Aim of the exercise:
From the first line to the last, print the data exactly as it appears.

Input data:
· · · ·

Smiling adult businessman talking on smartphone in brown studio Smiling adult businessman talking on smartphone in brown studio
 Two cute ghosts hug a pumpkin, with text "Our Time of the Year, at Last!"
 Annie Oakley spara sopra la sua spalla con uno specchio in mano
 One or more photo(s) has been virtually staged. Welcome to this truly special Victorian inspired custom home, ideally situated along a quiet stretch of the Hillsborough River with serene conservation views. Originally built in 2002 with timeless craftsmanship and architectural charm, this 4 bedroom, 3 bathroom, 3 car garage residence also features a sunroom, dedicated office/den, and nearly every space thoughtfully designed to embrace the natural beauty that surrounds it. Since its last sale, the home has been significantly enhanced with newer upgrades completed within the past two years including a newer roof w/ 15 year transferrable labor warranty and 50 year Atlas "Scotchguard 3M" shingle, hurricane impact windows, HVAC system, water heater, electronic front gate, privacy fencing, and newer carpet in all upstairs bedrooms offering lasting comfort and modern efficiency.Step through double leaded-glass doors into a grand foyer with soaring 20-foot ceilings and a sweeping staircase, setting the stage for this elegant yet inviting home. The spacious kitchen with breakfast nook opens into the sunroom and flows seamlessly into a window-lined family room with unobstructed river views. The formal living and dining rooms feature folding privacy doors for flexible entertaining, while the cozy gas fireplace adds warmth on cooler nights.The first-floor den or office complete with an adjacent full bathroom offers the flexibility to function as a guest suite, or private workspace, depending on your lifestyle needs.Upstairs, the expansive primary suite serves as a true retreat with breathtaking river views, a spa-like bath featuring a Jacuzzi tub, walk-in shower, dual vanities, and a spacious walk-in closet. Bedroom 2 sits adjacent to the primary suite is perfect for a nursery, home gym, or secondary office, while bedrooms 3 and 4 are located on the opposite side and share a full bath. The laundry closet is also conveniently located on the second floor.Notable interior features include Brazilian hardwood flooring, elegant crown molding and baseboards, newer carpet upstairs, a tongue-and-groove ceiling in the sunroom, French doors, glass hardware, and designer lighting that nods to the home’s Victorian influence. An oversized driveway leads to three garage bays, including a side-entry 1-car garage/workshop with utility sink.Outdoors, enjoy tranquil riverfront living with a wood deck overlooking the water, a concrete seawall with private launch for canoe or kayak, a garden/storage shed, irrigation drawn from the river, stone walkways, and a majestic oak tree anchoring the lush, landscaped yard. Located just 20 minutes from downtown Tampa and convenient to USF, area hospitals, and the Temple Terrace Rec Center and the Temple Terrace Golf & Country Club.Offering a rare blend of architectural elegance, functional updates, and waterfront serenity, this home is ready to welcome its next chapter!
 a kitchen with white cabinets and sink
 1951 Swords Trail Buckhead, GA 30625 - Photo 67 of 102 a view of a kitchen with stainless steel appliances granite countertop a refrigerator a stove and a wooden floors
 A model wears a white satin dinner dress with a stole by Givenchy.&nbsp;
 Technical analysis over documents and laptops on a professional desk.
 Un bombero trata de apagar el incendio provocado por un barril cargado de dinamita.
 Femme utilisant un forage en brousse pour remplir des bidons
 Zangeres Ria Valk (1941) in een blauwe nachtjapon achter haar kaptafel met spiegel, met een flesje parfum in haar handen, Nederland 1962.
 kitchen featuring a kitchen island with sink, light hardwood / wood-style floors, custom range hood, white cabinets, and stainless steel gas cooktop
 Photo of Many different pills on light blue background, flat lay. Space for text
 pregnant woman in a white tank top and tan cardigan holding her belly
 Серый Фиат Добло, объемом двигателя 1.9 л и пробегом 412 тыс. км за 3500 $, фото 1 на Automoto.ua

· · · ·

Answer area:
Smiling adult businessman talking on smartphone in brown studio Smiling adult businessman talking on smartphone in brown studio
 Two cute ghosts hug a pumpkin, with text "Our Time of the Year, at Last!"
 Annie Oakley spara sopra la sua spalla con uno specchio in mano
 One or more photo(s) has been virtually staged. Welcome to this truly special Victorian inspired custom home, ideally situated along a quiet stretch of the Hillsborough River with serene conservation views. Originally built in 2002 with timeless craftsmanship and architectural charm, this 4 bedroom, 3 bathroom, 3 car garage residence also features a sunroom, dedicated office/den, and nearly every space thoughtfully designed to embrace the natural beauty that surrounds it. Since its last sale, the home has been significantly enhanced with newer upgrades completed within the past two years including a newer roof w/ 15 year transferrable labor warranty and 50 year Atlas "Scotchguard 3M" shingle, hurricane impact windows, HVAC system, water heater, electronic front gate, privacy fencing, and newer carpet in all upstairs bedrooms offering lasting comfort and modern efficiency.Step through double leaded-glass doors into a grand foyer with soaring 20-foot ceilings and a sweeping staircase, setting the stage for this elegant yet inviting home. The spacious kitchen with breakfast nook opens into the sunroom and flows seamlessly into a window-lined family room with unobstructed river views. The formal living and dining rooms feature folding privacy doors for flexible entertaining, while the cozy gas fireplace adds warmth on cooler nights.The first-floor den or office complete with an adjacent full bathroom offers the flexibility to function as a guest suite, or private workspace, depending on your lifestyle needs.Upstairs, the expansive primary suite serves as a true retreat with breathtaking river views, a spa-like bath featuring a Jacuzzi tub, walk-in shower, dual vanities, and a spacious walk-in closet. Bedroom 2 sits adjacent to the primary suite is perfect for a nursery, home gym, or secondary office, while bedrooms 3 and 4 are located on the opposite side and share a full bath. The laundry closet is also conveniently located on the second floor.Notable interior features include Brazilian hardwood flooring, elegant crown molding and baseboards, newer carpet upstairs, a tongue-and-groove ceiling in the sunroom, French doors, glass hardware, and designer lighting that nods to the home’s Victorian influence. An oversized driveway leads to three garage bays, including a side-entry 1-car garage/workshop with utility sink.Outdoors, enjoy tranquil riverfront living with a wood deck overlooking the water, a concrete seawall with private launch for canoe or kayak, a garden/storage shed, irrigation drawn from the river, stone walkways, and a majestic oak tree anchoring the lush, landscaped yard. Located just 20 minutes from downtown Tampa and convenient to USF, area hospitals, and the Temple Terrace Rec Center and the Temple Terrace Golf & Country Club.Offering a rare blend of architectural elegance, functional updates, and waterfront serenity, this home is ready to welcome its next chapter!
 a kitchen with white cabinets and sink
 1951 Swords Trail Buckhead, GA 30625 - Photo 67 of 102 a view of a kitchen with stainless steel appliances granite countertop a refrigerator a stove and a wooden floors
 A model wears a white satin dinner dress with a stole by Givenchy.&nbsp;
 Technical analysis over documents and laptops on a professional desk.
 Un bombero trata de apagar el incendio provocado por un barril cargado de dinamita.
 Femme utilisant un forage en brousse pour remplir des bidons
 Zangeres Ria Valk (1941) in een blauwe nachtjapon achter haar kaptafel met spiegel, met een flesje parfum in haar handen, Nederland 1962.
 kitchen featuring a kitchen island with sink, light hardwood / wood-style floors, custom range hood, white cabinets, and stainless steel gas cooktop
 Photo of Many different pills on light blue background, flat lay. Space for text
 pregnant woman in a white tank top and tan cardigan holding her belly
 Серый Фиат Добло, объемом двигателя 1.9 л и пробегом 412 тыс. км за 3500 $, фото 1 на Automoto.ua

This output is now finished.